- What you will do: The range runs from the line containing "学习贯彻2023年中央一号文件端稳农村教育事业发展心得体会" to the last line of the entries. Restate those lines word for word, without the pictures.

- Records shown:

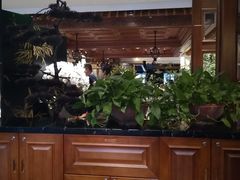 -八府香鸭·啫啫煲(华山路店)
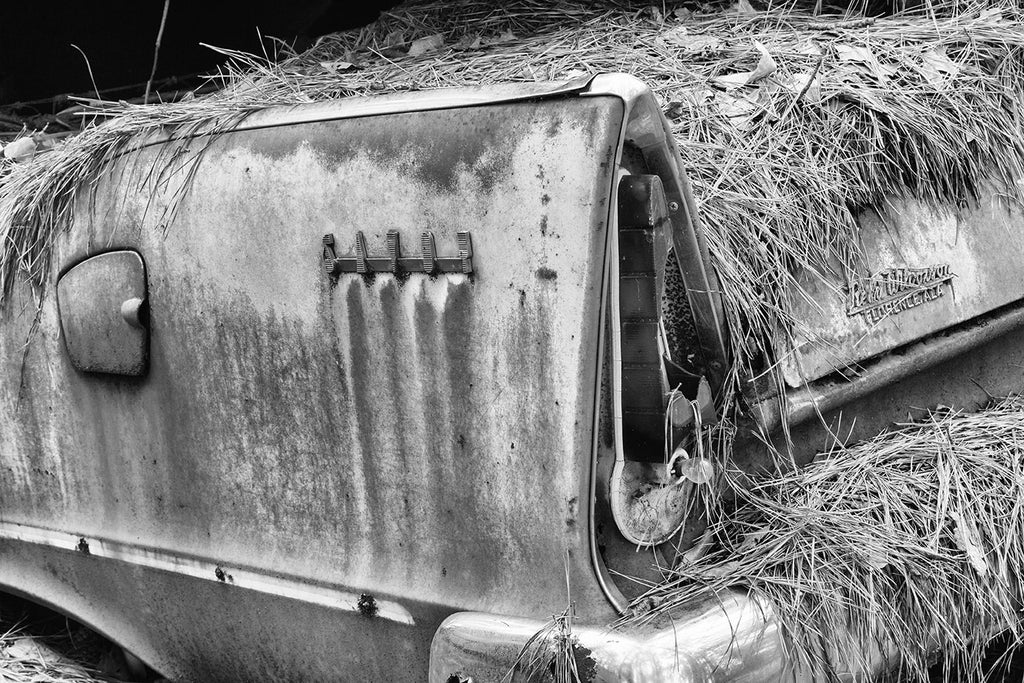 Black and white fine art detail photograph of the tail fin of a rusty, junked classic American car in the woods. The side of the car features a stylized logo that says "Savoy."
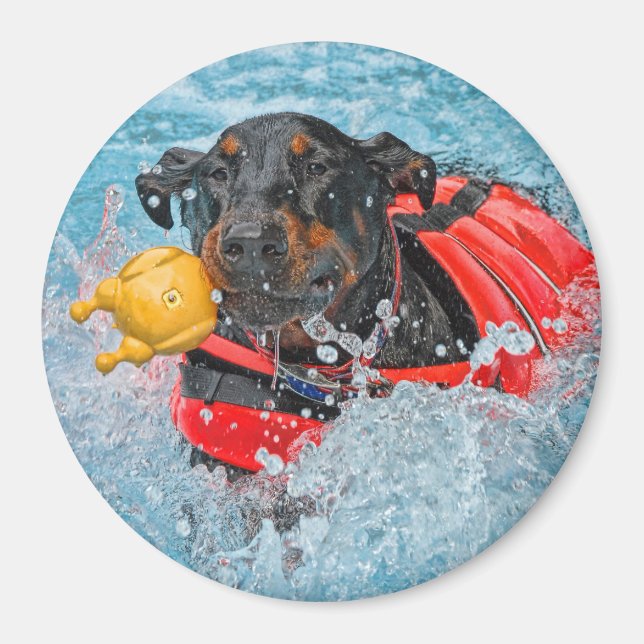 Aimant Baignade Doberman Avec Jouet Favori (Devant)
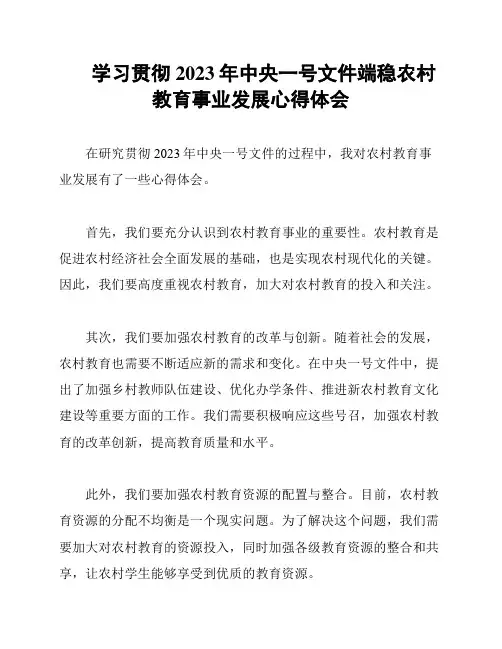 学习贯彻2023年中央一号文件端稳农村教育事业发展心得体会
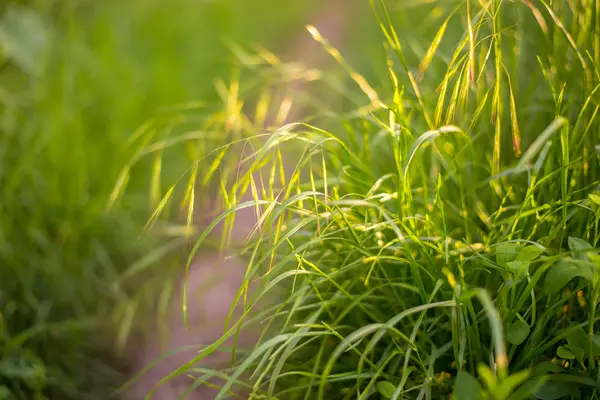 gün batımında yeşil çimen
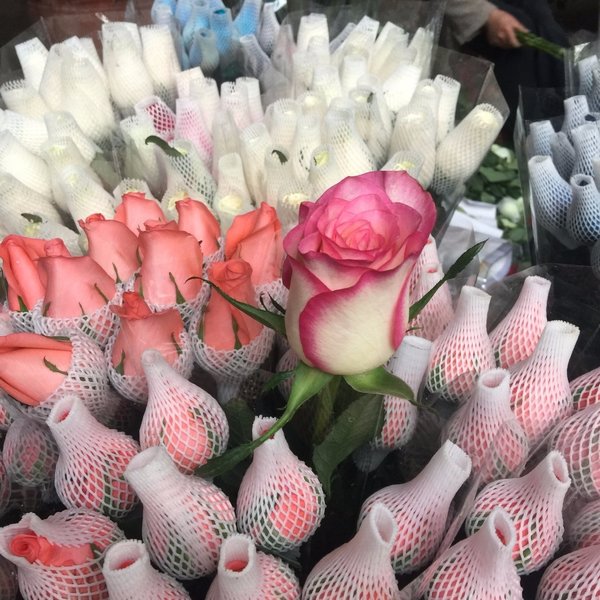 云南红河哈尼族彝族自治州美食,云南红河哈尼族彝族自治州小吃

- Written answer:
 学习贯彻2023年中央一号文件端稳农村教育事业发展心得体会
 gün batımında yeşil çimen
 云南红河哈尼族彝族自治州美食,云南红河哈尼族彝族自治州小吃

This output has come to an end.